The science of critical thinking explained
By Lt. Col. Thad Hunkins, 459th Airlift Squadron commander
/ Published April 09, 2007
YOKOTA AIR BASE, Japan -- --
Did you think there was a science to thinking? I sure didn't. A couple years back I read a book called "The Miniature Guide to Critical Thinking" by Dr. Richard Paul and Dr. Linda Elder. It changed my entire view of how we humans use our nuggets. The book is only 19 pages long.
My Cro-Magnon method seemed pretty straightforward: There's a problem, you consider the solutions, you solve the problem. No problem.

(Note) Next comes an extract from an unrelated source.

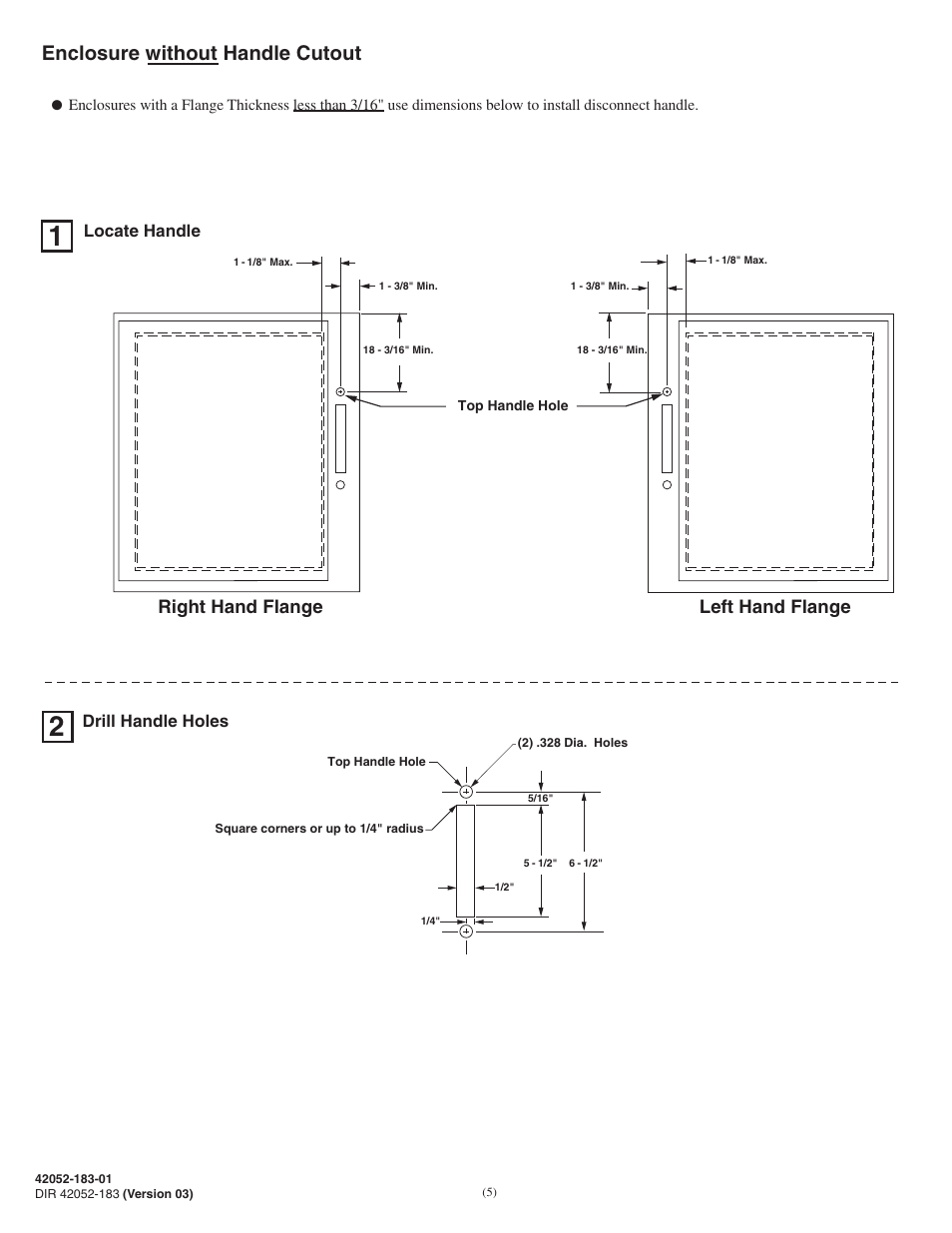 Enclosure without handle cutout, Right hand flange left hand flange | Rockwell Automation 1494V-DS600 - Series D Variable Depth Disconnect Switch Kit and Accessories (600A) User Manual | Page 5 / 12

That works if you're trying to get a lid off a pickle jar, but our complex environment often requires some more in-depth analysis. And it turns out that critical thinking can be pretty complex.
It all starts with the different elements pertaining to thinking
- What is the question?
- What do I want to attain?
- What points of view are there?
- Are there consequences...intended or unintended?
- What are the assumptions?
- Are there any concepts or natural laws that apply?
- What information must be gathered?
- What solutions are there?
Now very seldom do we have the time to sit down and make a checklist when presented with a given problem, but certainly anyone can see how they've been "tripped up" by having made a "faulty assumption" or not adequately considering someone else's point of view. This is the first time I'd ever thought about the discipline of thinking ... and now I see its value every day of my life.
The book's real magic for me though, can be summed up in one phrase--"the battle for total objectivity." And it is a battle. They devote 4 of their 19 pages talking about "The Problem of Egocentric Thinking" and its relationship to "Intellectual Virtues."
I challenge you to read any of them and not think "Yup, I did that." Selfishness ... self-validation ... wish fulfillment--these are all things that throw our analytical skills off-kilter. It is very hard to think of all angles to a problem since we all have a natural proclivity toward thinking about ourselves all the time.
Fortunately, the authors give a good template for passing from "unreflective thinker" to "master thinker." Hey, who doesn't want to be a Master thinker. And it really is a discipline. So here is there path to becoming Yoda:
- Define exactly what the issue is and relate it to the goal. In our business, that's why it's so critical to know what the mission is.
- Ask probing, evaluative questions. This is tough for many folks ... they just don't want to come across as the bad guy ... but again, it's the push for total truth and objectivity that should drive the train.
- Figure out what information you need and collect it.
- Reflect. Wow ... the big daddy of all "failed-to-do" lists. I'm guilty, how 'bout you?
- Consider all implications. This is tough because it requires all of the previously mentioned elements. This is the "walk-a-mile-in-his-moccasins" test. Take the time for this because your logic will be severely tested by an injured party.
- Implement and review
Dr. Paul and Dr. Elder state that "Critical thinking is, in short, self-directed, self-disciplined, self-monitored, and self-corrective thinking." There is a lot to think about in that statement.